I start with a piece of copper plate flattened to a size of 1/8 inch thick for tanto and a bit thicker for katana. I cut a piece of the plate oversized for the final dimensions of the habaki. Better to have extra than to fall short. I begin by putting a bend in the center with a hammer and a jig.
Then with a cross-pean hammer put a taper to the ends.
One way to make the U-shape is to mount the copper plate on a vise between steel plates.
I already forgot the most important part of all: ANNEALING. Copper is made softer by heating to "red hot" and allowing to cool in the air or quenching in water. Copper is harden by hammering or working with it. So as often as you deem it necessary anneal the copper to soften it.
Clean up the inside surfaces with a file or grinder since after the second fold it will be much harder to get in there.
Then take it to the vise again and position it between steel plates so that you can hammer the second fold into a U-shape.
A jig or punch and die combo made for the purpose of making the U-shape will speed up the process.
I use a scrap piece of steel of the approximate width of the sword's nakago as a punch to make the inside curve into a square and then it goes for a test fit on the blade.
The notch for the mune machi will be filed or cut with a jewler's saw.
Then cut off the excess copper at the bottom.
Here is a look at what we've got so far.
Now comes the easiest part by far, it is called the MACHIGANE. Whoever invented this little contraption to make it all fit together should have been invited to test the sharpness of the edge of the sword for which that habaki was made.
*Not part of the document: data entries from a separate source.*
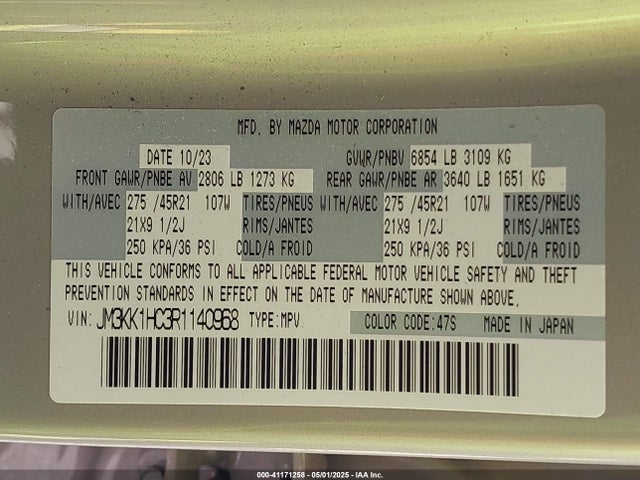 JM3KK1HC3R1140968 Mazda Cx-90 3.3 Turbo S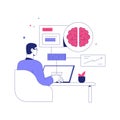 Male Data Scientist Analyzing Brain Mapping Data On Laptop In Flat Vector Illustration Symbolizing Artificial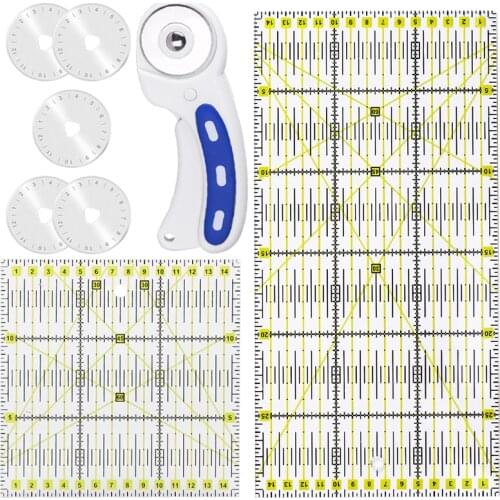 KAOBUY 45mm Rotary Cutter Fabric Patchwork Ruler Set with 5pcs Replacement Blades for DIY Sewing Fabric Leather Quilting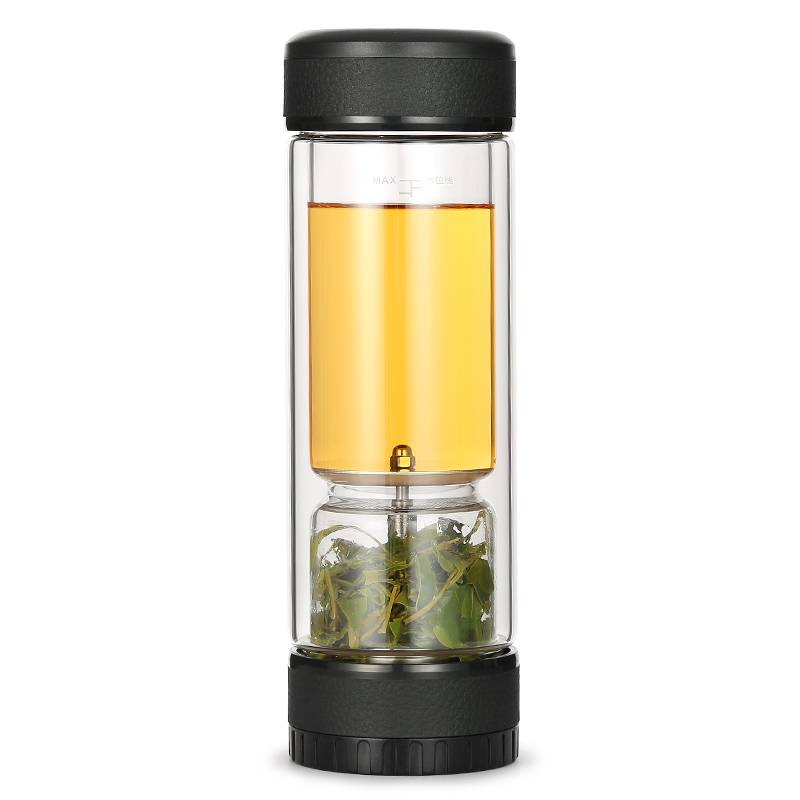 金镶玉 茶杯 办公杯茶水分离杯双层玻璃杯商务杯 泡茶杯礼品杯带过滤创意杯 黑色旋中玄泡茶杯(10个以上可定制)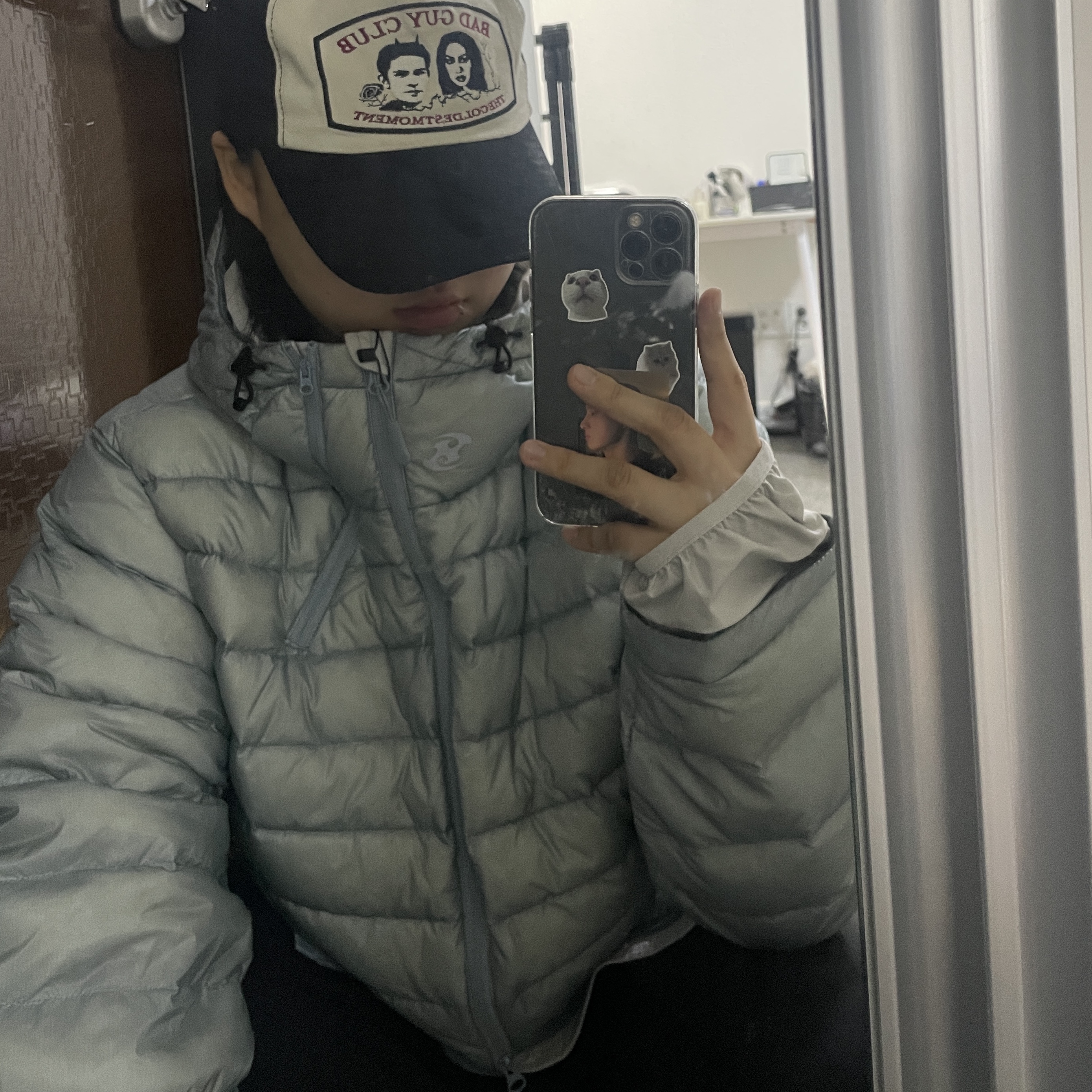 Sansan Gear Suffix Puffer Jacket Sky Blue - 23FW 착용 스타일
It will take me sometimes an hour or more of fooling around with this little copper piece to get the right fit.
When looking at this picture recently it occurred to me that I used to leave the habaki's walls very thick prior to soldering. These days the habaki I make are much closer to the final shape and thickness at this point in the process. That helps when is time to hard-soldering the habaki.
This is an old picture and shows the machigane to be "inside" the habaki walls. These days my machigane "sticks out" of the habaki at the bottom at the time of soldering. These little changes are natural adjustments that occur over time when I realize that things can be improved from my old ways. I am self-taught so practice makes for a better job over time, most of the time.
Let the habaki cool down in the air then pickle the flux and now we have a rough shaped habaki.
Start working on it with files or a grinder and get it closer to your final desired shape.
I sometimes use machinist marking ink and a pointer to trace the final contour.
Then it is time for more grinding, filing, sanding and detailing to get to the final product.
I use hard silver solder for making these fittings. The strength of the bond created by the hard silver solder seems necessary for pieces like these. Once the habaki or the fuchi or kashira is constructed using the techniques described above or variations of those techniques you can texture it or carve it or patinate it.